== WORK TO COMPLETE ==
From the line containing "Bupati Buka Temu Teknis Penyuluh Pertanian" to the final line of the material below, return every line exactly. Do not include pictures.
+ + +
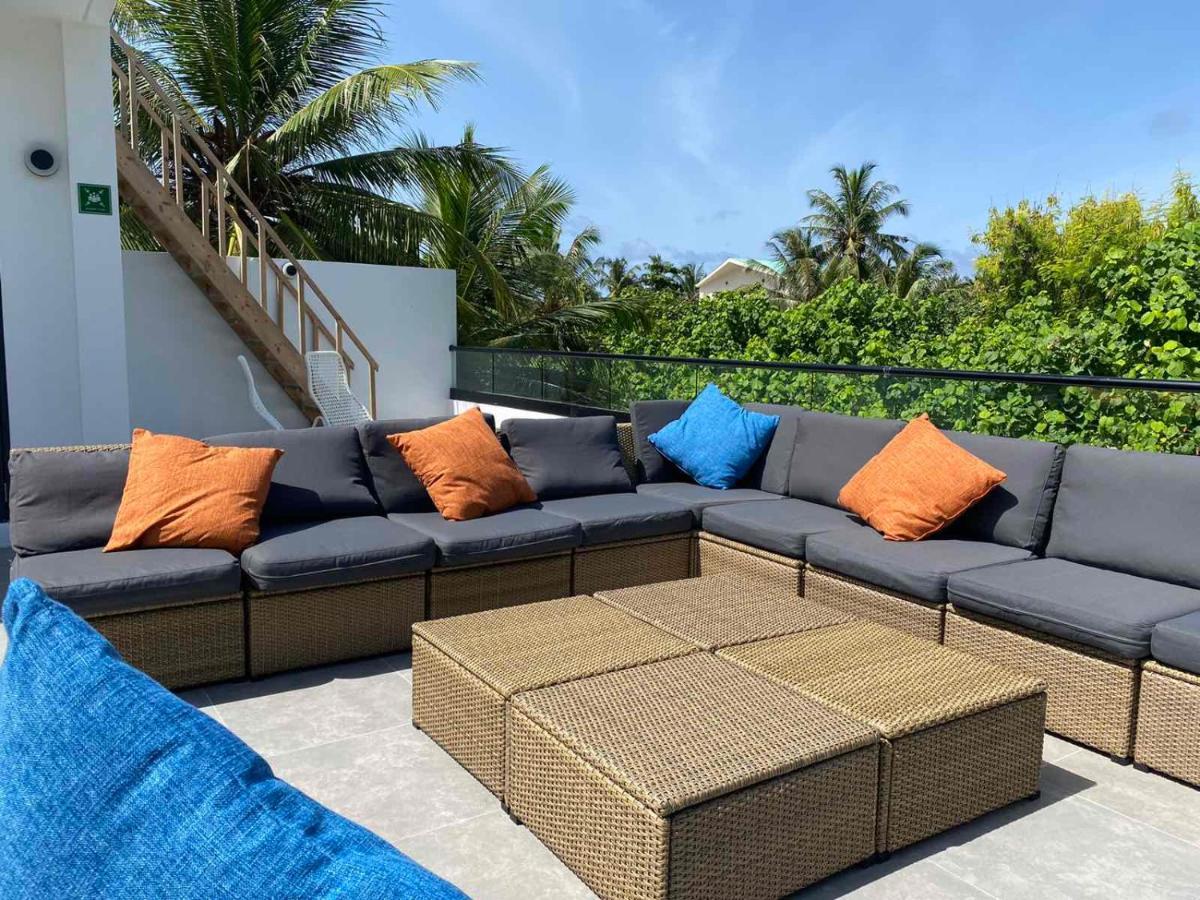 فندق Unwind Dhigurah ديجوراه المظهر الخارجي الصورة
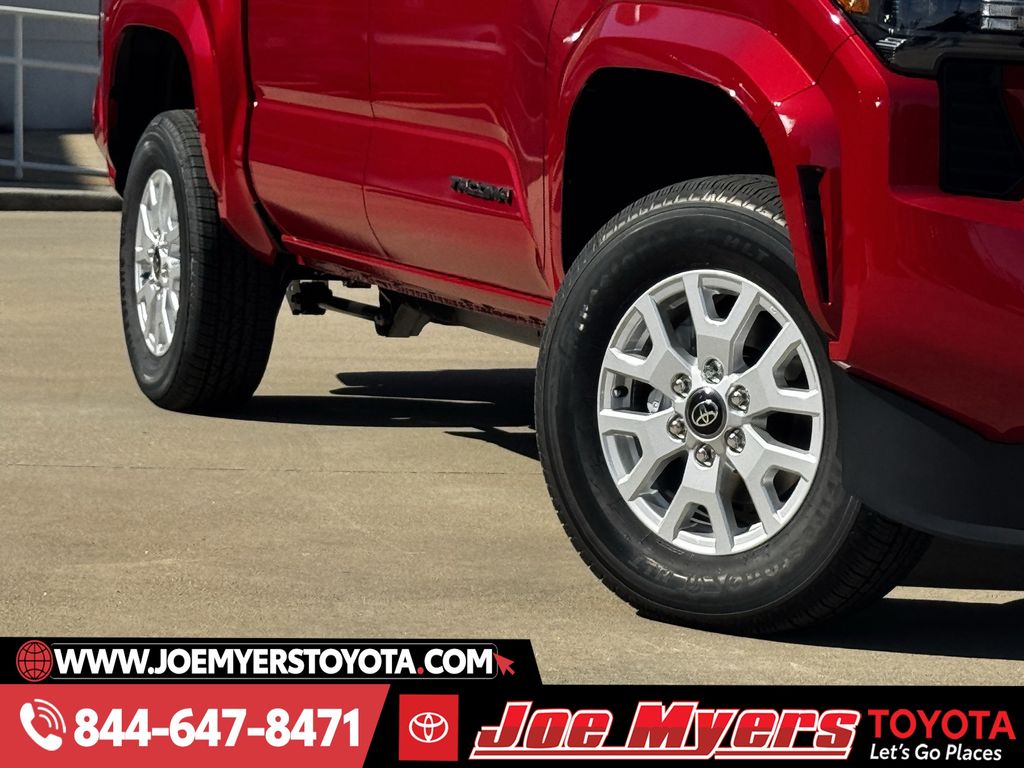 New 2026 Supersonic Red Toyota SR5 image 11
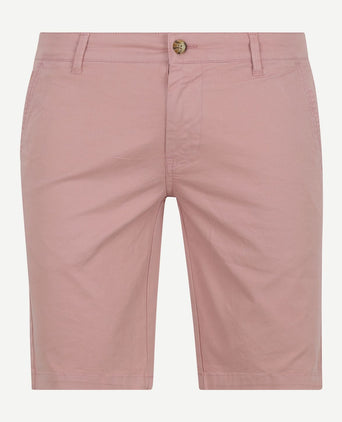 Suitable berry short roze | Slim-fit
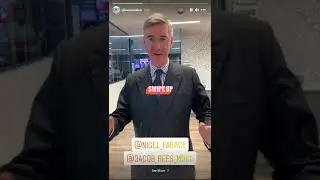 GB News-Jacob Rees Mogg on instagram promoting himself being interviewed by Nigel Farage - 17/9/2021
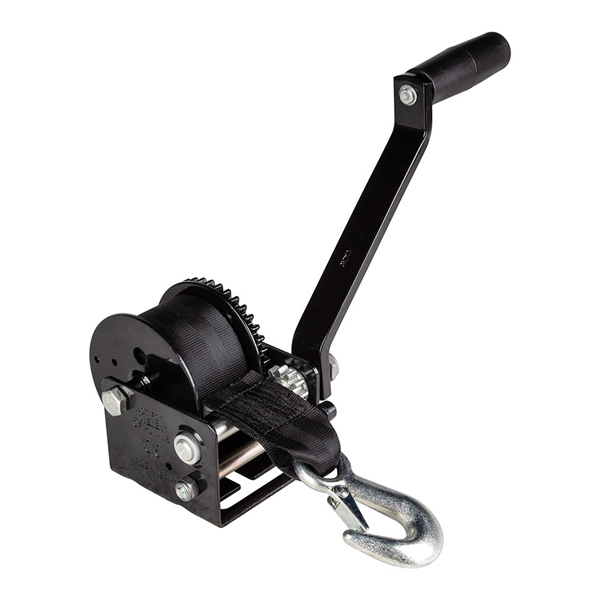 Single Speed Trailer Winch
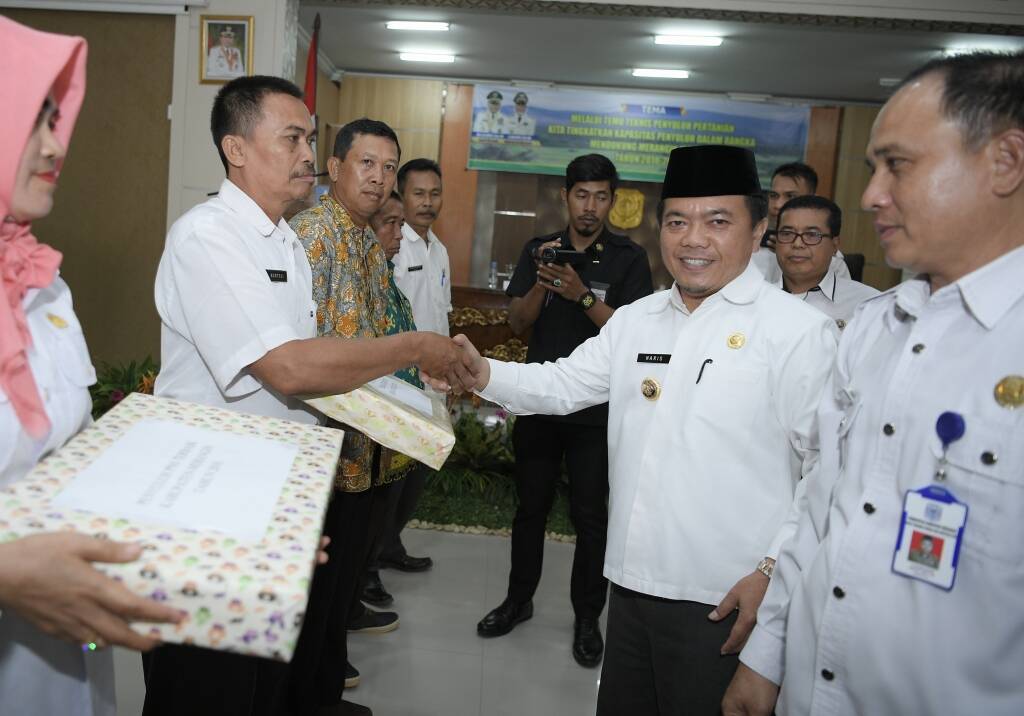 Bupati Buka Temu Teknis Penyuluh Pertanian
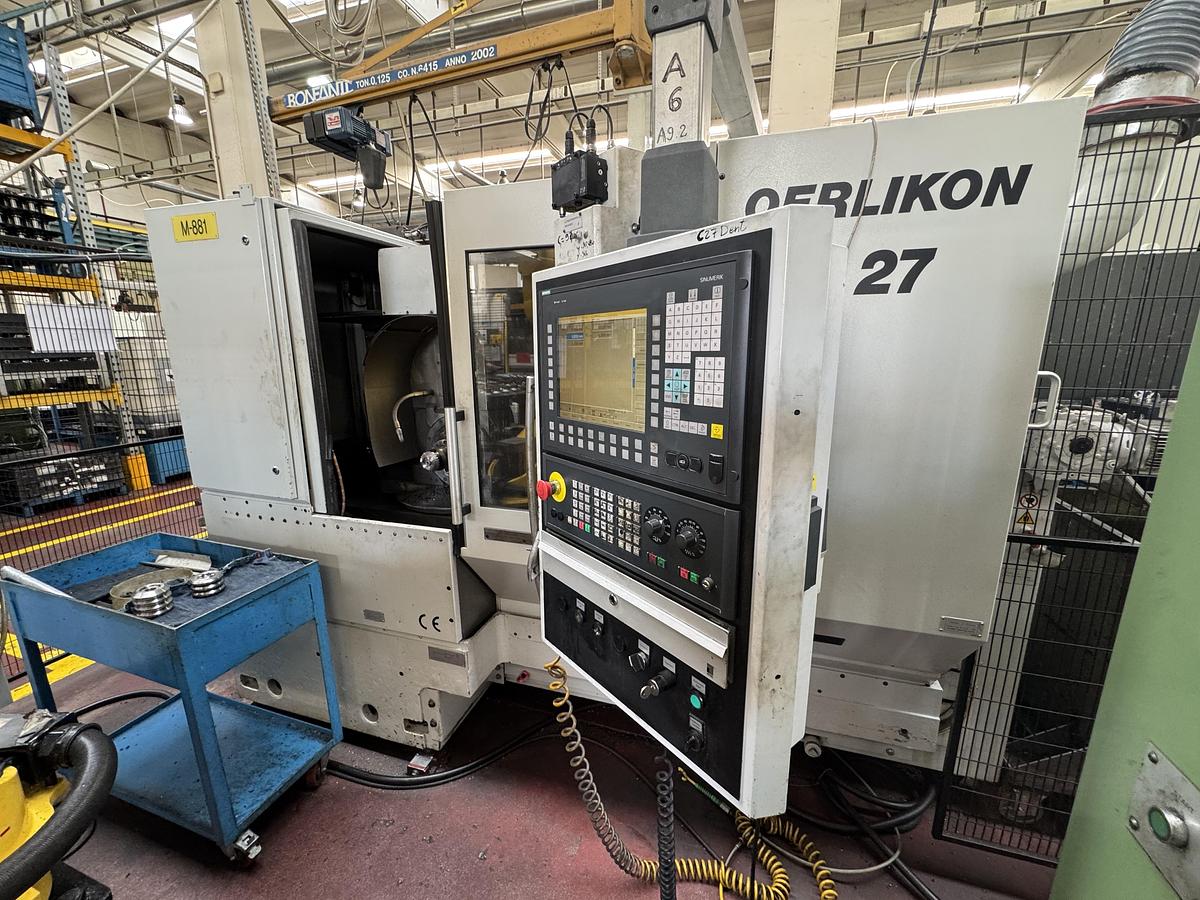Used 2004 KLINGELNBERG OERLIKON AG C27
+ + +
== SOLUTION ==
 Bupati Buka Temu Teknis Penyuluh Pertanian
Used 2004 KLINGELNBERG OERLIKON AG C27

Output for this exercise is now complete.